Tracking the Paris goals – indicators for progress
A new method developed with MCC participation tracks the progress of climate protection. The bottom line: The 2°C target might still be achieved—but there are reasons for concern.
With the new president in the White House, the climate debate is facing tough times, even if the great majority of the national community is still committed to the ambitious climate goals of the Paris Agreement. So far, a suitable method is still missing for verifying whether countries are on track to meet their emission reduction pledges. Sabine Fuss, a working group leader at the Mercator Research Institute on Global Commons and Climate Change (MCC), alongside other researchers of the Global Carbon Project have set out to address this very problem.
Their research results are presented in the article “Key indicators to track current progress and future ambition of the Paris Agreement” published in the journal Nature Climate Change.
As announced by the Global Carbon Project last November, global emissions growth has stagnated over the past three years, albeit emissions remain at a record high level. However, “To reach the climate goals of the Paris Agreement, CO2 emissions would have to be drastically reduced in the near future,” says Fuss. “The goal must be to reduce net emissions to zero.” Yet, this will only be possible through the use of new technologies, such as carbon capture and storage (CCS). In combination with bioenergy, this can even remove carbon dioxide from the atmosphere.
For these reasons, it is important to know which milestones of the Agreement have been achieved so far and which obstacles still lie ahead. In their study, the authors developed a method that can be used to track different national emissions pledges and thus global progress toward reaching the objectives of the Paris Agreement. The methodology is based on different components which, comprising interconnected indicators, can be measured.
Using the method, the study then analyzed and differentiated the slowdown in emissions growth in detail. For example, the progress made in the EU can be partially attributed to the rising share of renewables, while that of the United States is due to its partial switch from coal to the more climate-friendly natural gas and renewable energy. Both the EU and US have lower economic growth than a decade ago, which has led to lower energy consumption than otherwise.

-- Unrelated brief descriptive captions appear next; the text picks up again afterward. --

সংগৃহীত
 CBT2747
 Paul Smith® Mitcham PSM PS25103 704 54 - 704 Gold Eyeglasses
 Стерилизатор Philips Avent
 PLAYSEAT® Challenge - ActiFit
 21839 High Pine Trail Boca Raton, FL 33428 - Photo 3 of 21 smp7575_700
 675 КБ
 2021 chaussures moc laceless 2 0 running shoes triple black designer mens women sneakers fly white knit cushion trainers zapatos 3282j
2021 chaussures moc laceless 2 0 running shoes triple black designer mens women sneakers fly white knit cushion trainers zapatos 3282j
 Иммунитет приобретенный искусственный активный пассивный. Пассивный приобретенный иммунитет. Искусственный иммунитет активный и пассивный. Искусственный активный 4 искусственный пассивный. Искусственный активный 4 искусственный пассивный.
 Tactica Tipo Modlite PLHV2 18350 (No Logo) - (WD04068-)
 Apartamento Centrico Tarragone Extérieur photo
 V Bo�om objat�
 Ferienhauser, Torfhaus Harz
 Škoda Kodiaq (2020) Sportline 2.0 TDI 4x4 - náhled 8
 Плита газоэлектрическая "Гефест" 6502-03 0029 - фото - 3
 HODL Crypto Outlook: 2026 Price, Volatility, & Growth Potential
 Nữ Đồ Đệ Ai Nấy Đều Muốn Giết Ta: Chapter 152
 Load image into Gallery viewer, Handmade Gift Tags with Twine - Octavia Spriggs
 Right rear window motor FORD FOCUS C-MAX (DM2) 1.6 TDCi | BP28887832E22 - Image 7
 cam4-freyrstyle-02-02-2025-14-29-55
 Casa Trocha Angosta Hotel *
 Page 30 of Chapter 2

In China, the stagnation of emissions growth over the last three years can be linked to a decline in coal consumption. In the latter case, however, the decline in coal use is the result of economic factors. “In particular the energy-intensive cement and steel sectors emitted less during this period,” says Fuss, who also warns that “a new economic boom could easily bring back rising emission rates.”
Glen Peters, Senior Researcher at the Center for International Climate and Environmental Research in Oslo (CICERO), and lead author for the study said: “The rapid deployment of wind and solar is starting to have an effect globally, and in key players such as China, the U.S., and the European Union. The challenge is to substantially accelerate the new additions of wind and solar, and find solutions for effectively integrating these into existing electricity networks.”
Looking to the future, the authors advocate monitoring the technologies proposed for the two-degree scenarios. One key technology is carbon capture and storage (CCS), in other words, the compression and storage of carbon dioxide in the ground. Fuss adds: “CCS will need to make significant progress, soon. If not, the rate of expansion of renewable energies will still be too low.”